Task directions: Leaving out pictures, output exactly the lines below from the one that has "William Howard King" through the one that has "2017 Dacia Sandero", and nothing else.

Information provided:
---------------
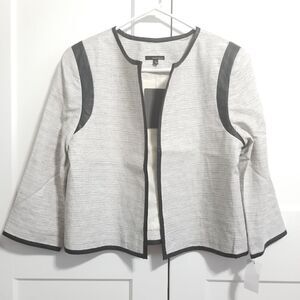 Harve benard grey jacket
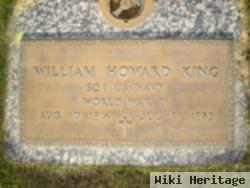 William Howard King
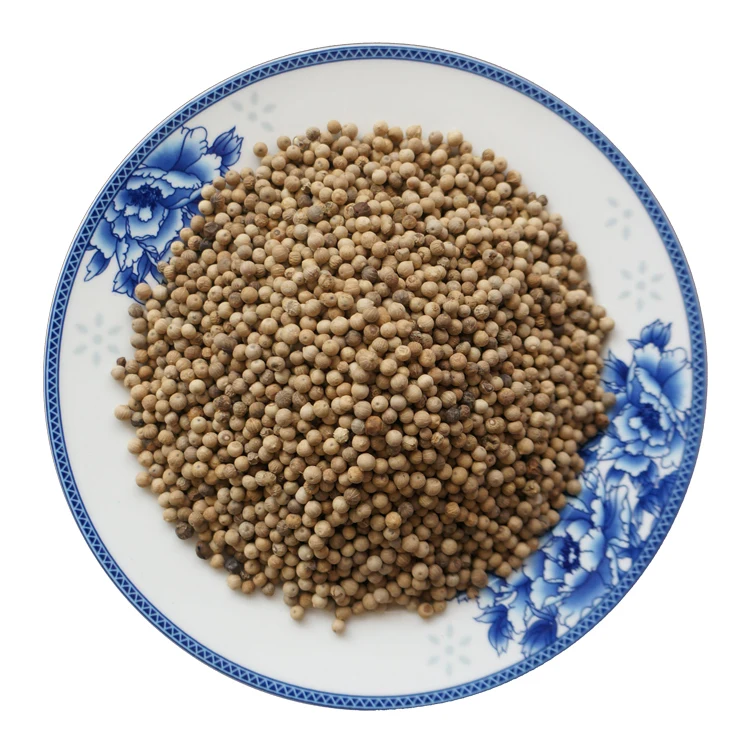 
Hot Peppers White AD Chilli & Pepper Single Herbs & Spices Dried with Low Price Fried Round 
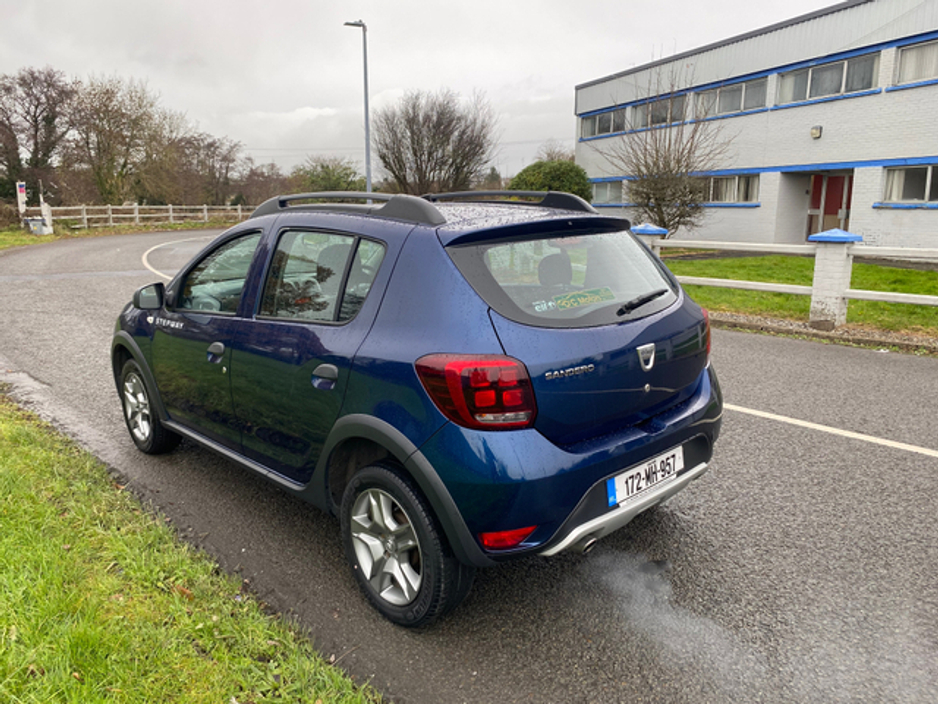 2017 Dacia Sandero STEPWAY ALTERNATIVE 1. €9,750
---------------
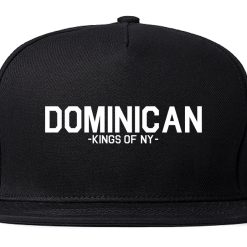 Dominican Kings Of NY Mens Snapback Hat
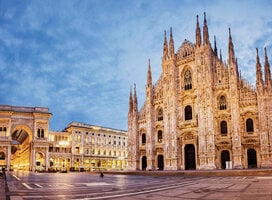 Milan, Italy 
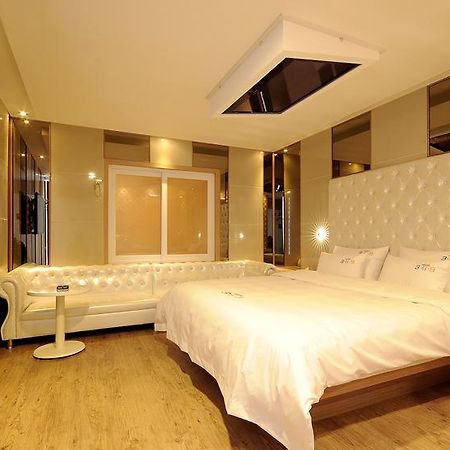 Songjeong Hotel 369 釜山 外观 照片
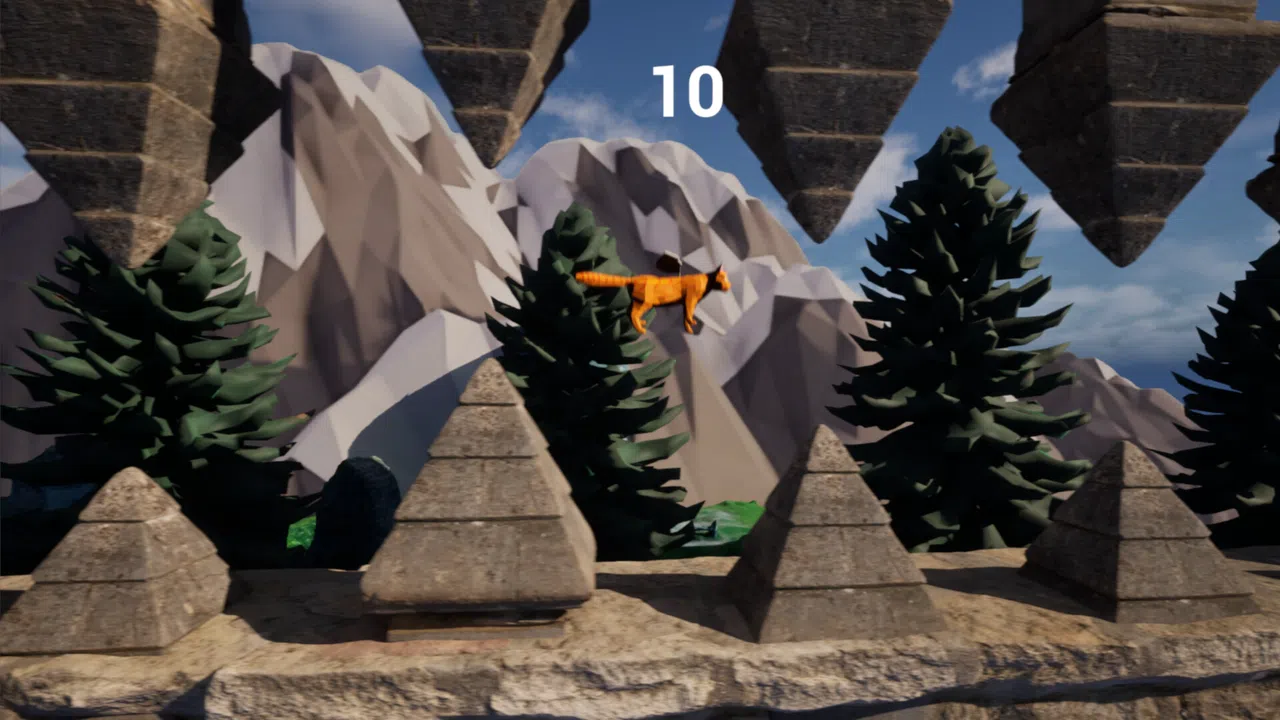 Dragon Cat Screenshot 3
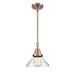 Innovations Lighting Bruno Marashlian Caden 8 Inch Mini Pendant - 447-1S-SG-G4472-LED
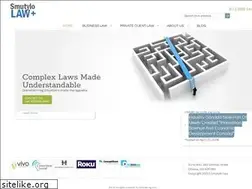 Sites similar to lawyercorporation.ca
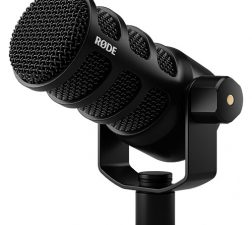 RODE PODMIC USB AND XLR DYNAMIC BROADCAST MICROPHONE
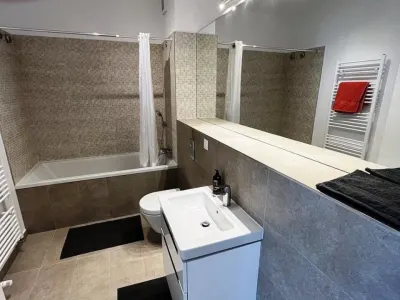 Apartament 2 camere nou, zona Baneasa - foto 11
---------------
Completed task:
 William Howard King
Hot Peppers White AD Chilli & Pepper Single Herbs & Spices Dried with Low Price Fried Round 
 2017 Dacia Sandero STEPWAY ALTERNATIVE 1. €9,750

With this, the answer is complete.